# [TASK STATEMENT]
The reply should hold nothing except the lines from the one with "코멧 접착식 OPP 무지" through the end of the entries, duplicated exactly and with no pictures.
Top of DATA FOR ANALYSIS
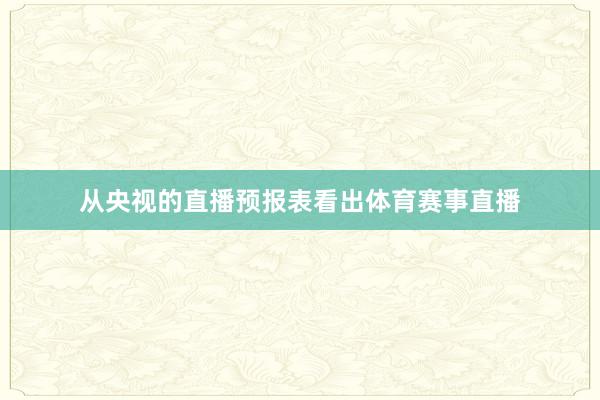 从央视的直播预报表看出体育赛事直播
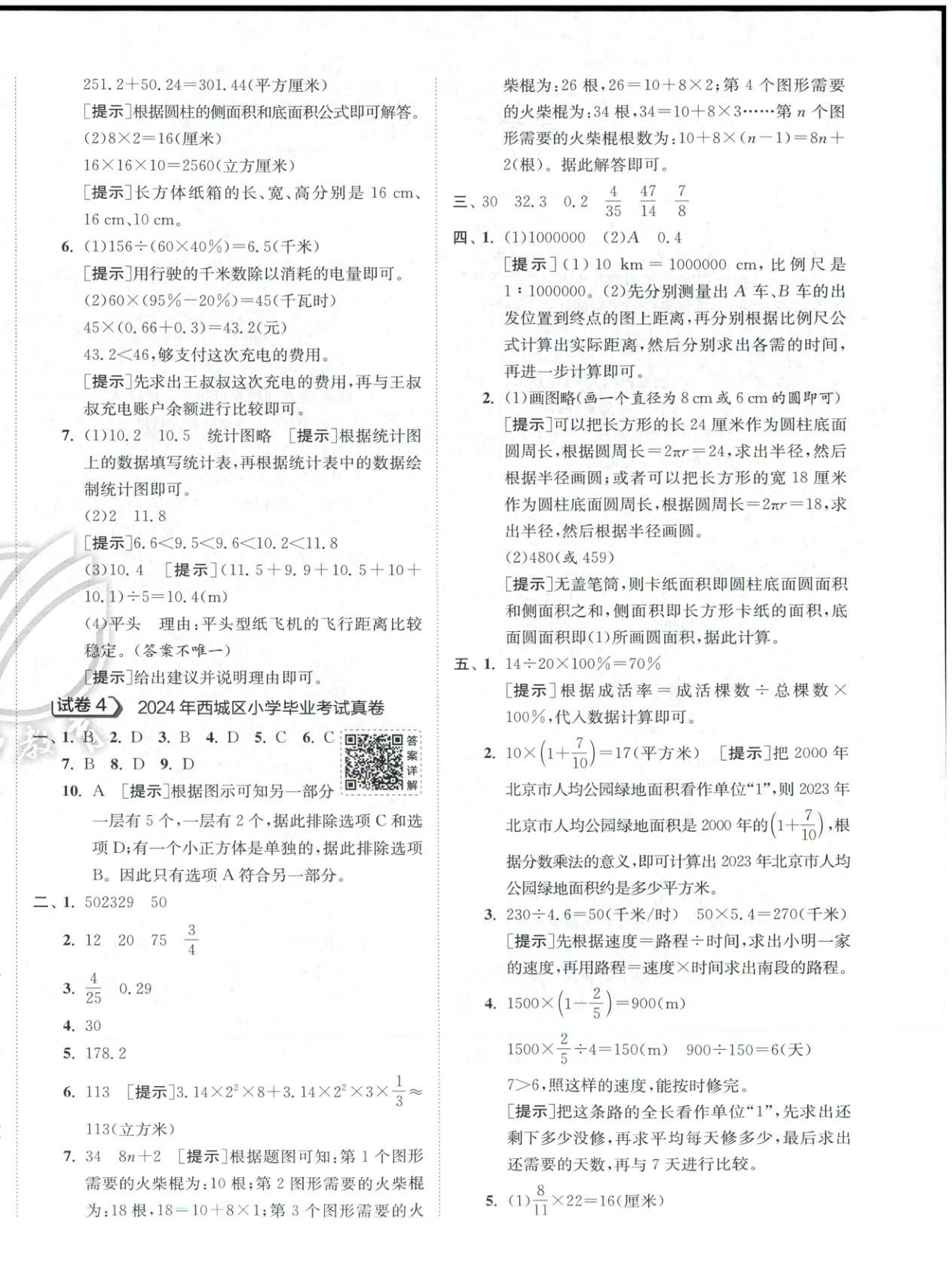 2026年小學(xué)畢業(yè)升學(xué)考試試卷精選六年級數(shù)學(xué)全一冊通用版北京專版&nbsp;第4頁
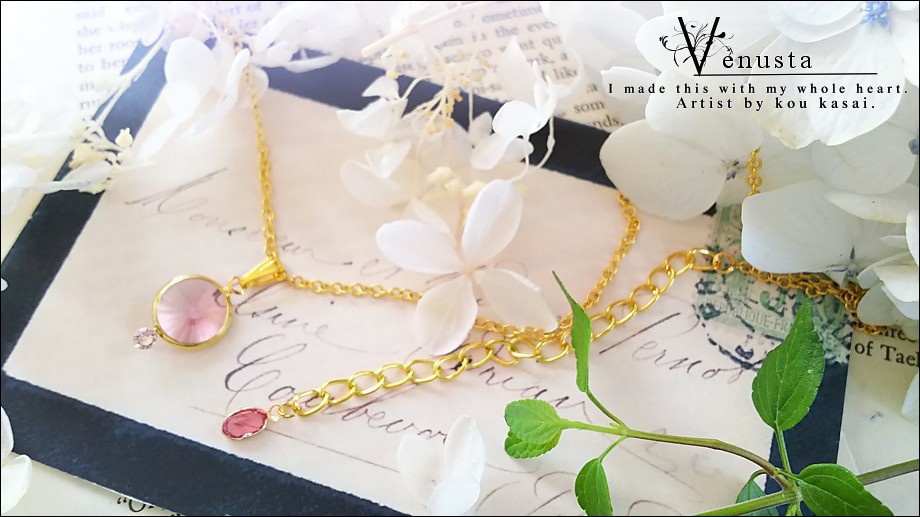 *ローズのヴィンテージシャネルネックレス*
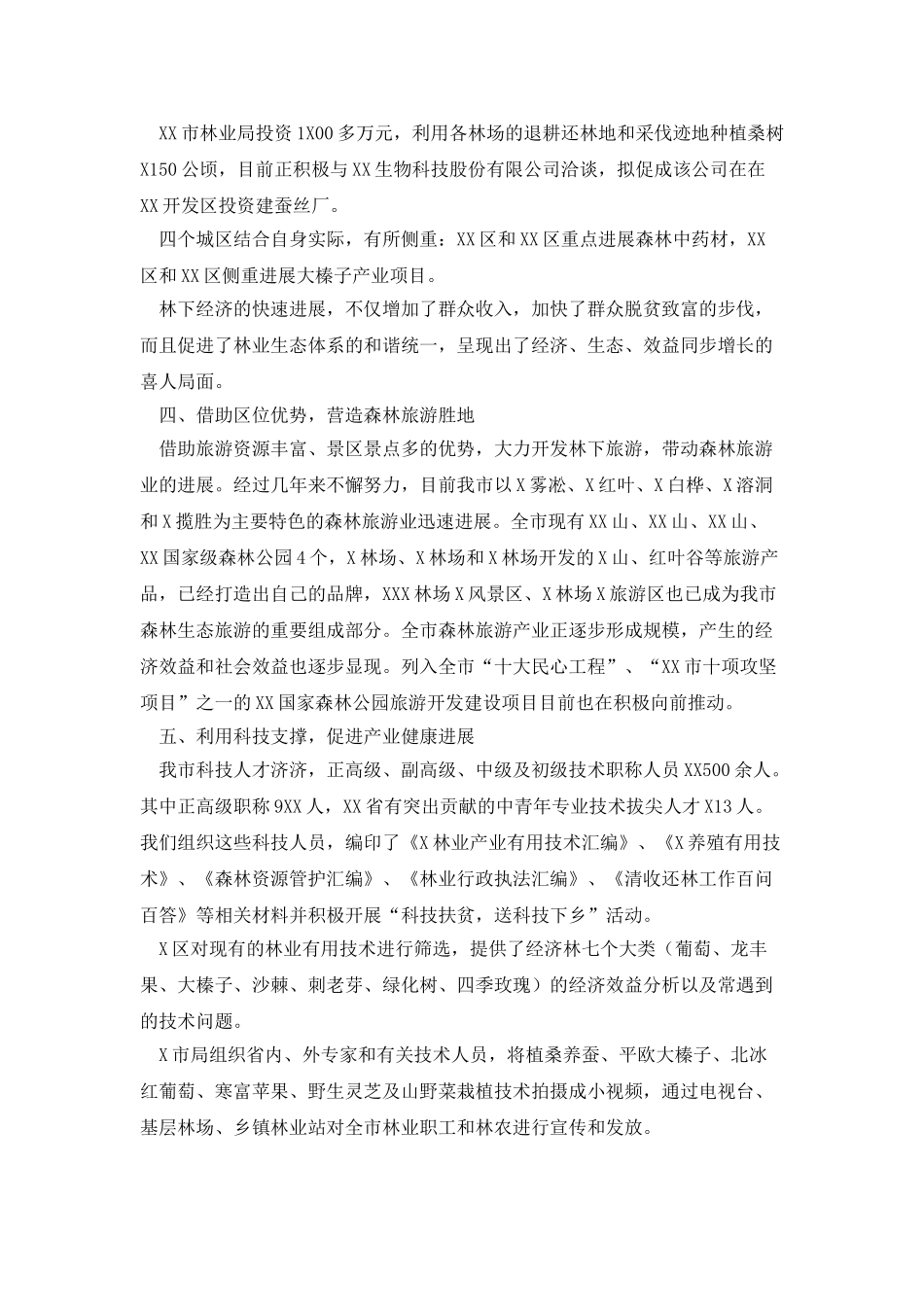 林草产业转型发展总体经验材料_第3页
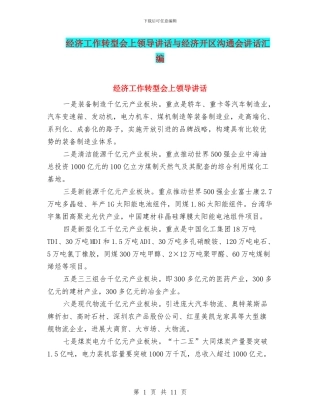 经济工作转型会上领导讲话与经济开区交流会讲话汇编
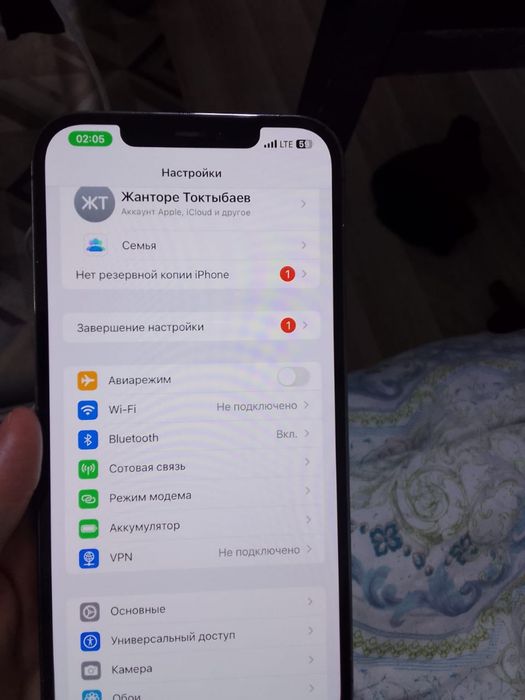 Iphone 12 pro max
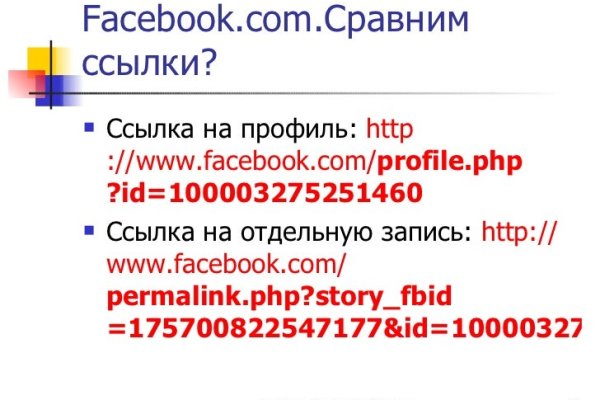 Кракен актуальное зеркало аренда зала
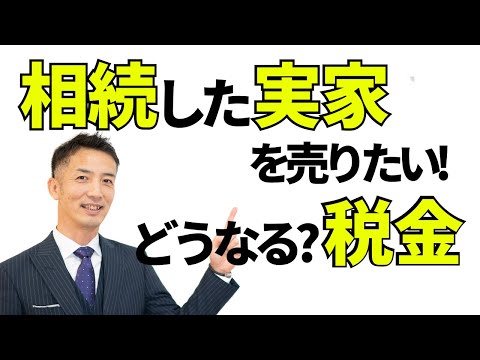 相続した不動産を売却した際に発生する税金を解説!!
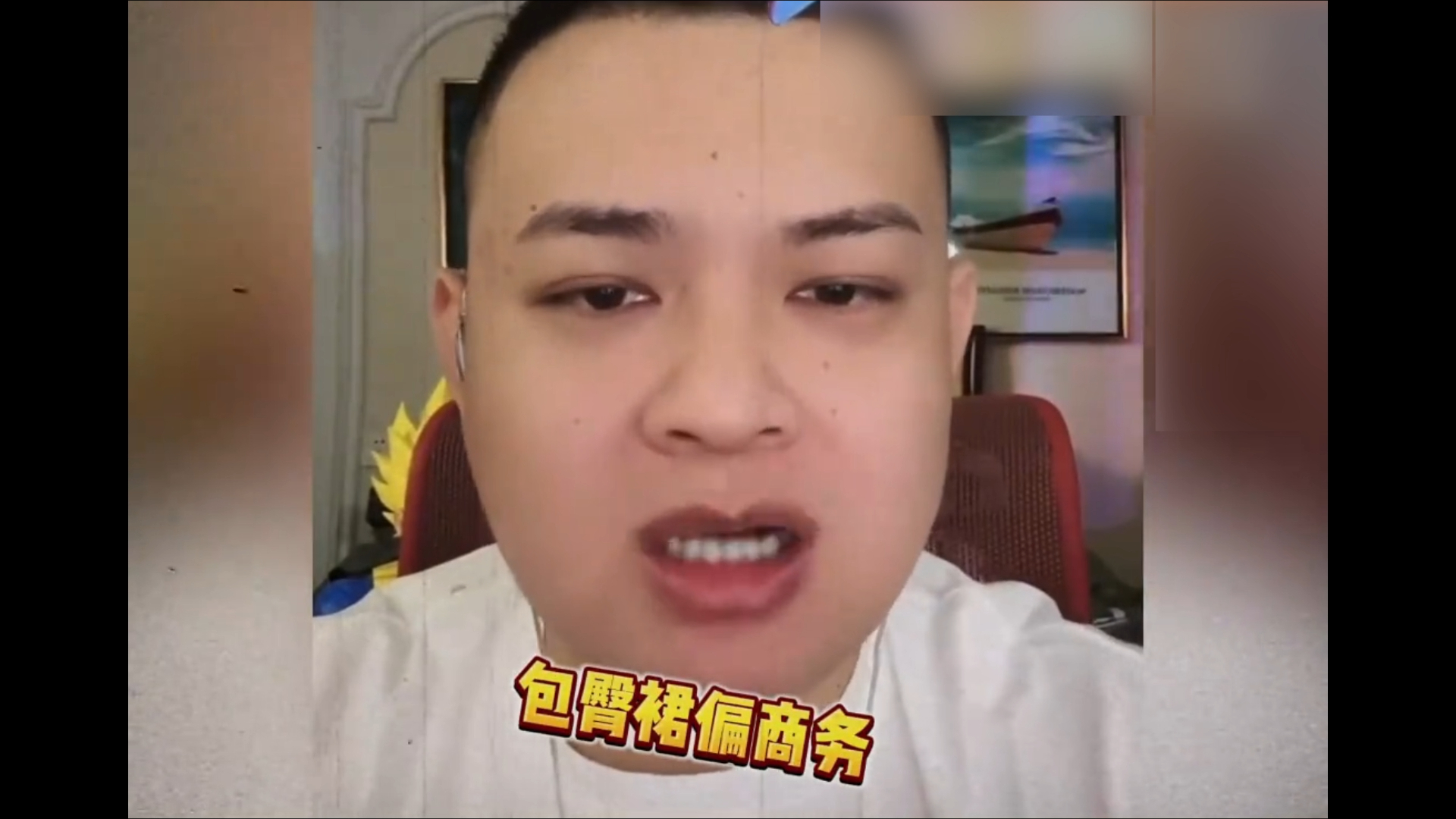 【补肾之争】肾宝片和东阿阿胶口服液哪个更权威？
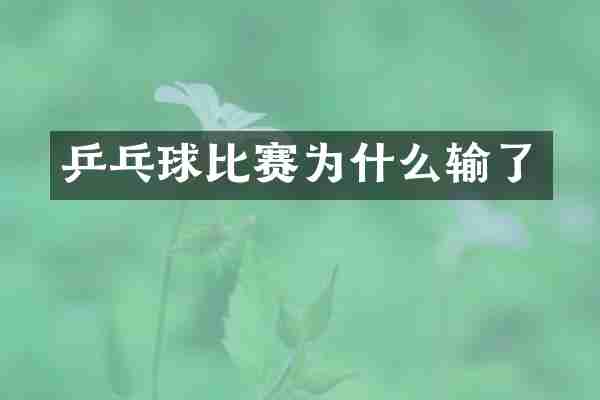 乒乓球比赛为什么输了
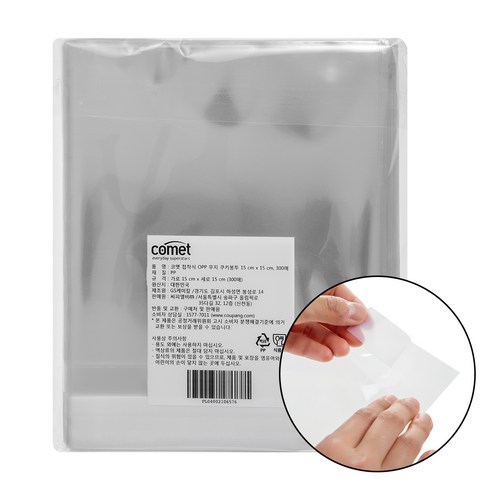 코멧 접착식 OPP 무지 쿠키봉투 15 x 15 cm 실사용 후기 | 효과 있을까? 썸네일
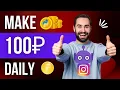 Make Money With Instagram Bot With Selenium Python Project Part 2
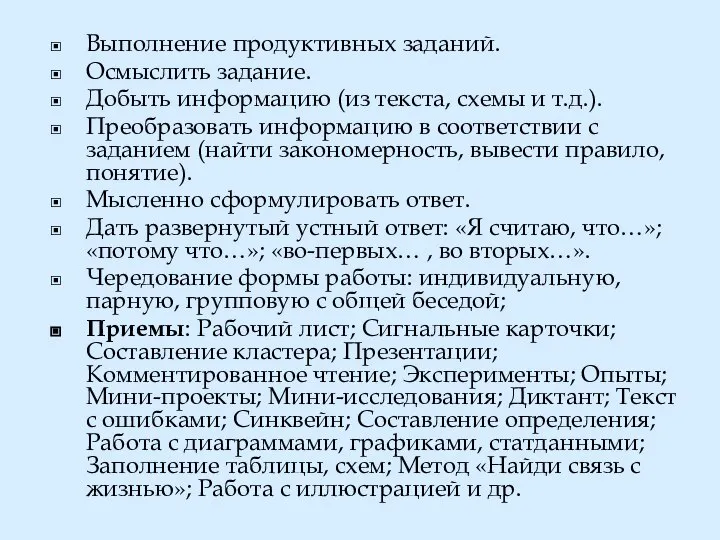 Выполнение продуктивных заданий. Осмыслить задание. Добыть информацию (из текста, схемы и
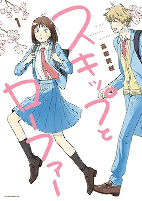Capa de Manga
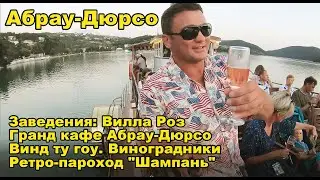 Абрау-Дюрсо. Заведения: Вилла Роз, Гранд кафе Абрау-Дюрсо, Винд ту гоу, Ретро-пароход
Bottom of DATA FOR ANALYSIS
# [ANSWER SPACE]
 코멧 접착식 OPP 무지 쿠키봉투 15 x 15 cm 실사용 후기 | 효과 있을까? 썸네일
 Make Money With Instagram Bot With Selenium Python Project Part 2
 Выполнение продуктивных заданий. Осмыслить задание. Добыть информацию (из текста, схемы и
Capa de Manga
 Абрау-Дюрсо. Заведения: Вилла Роз, Гранд кафе Абрау-Дюрсо, Винд ту гоу, Ретро-пароход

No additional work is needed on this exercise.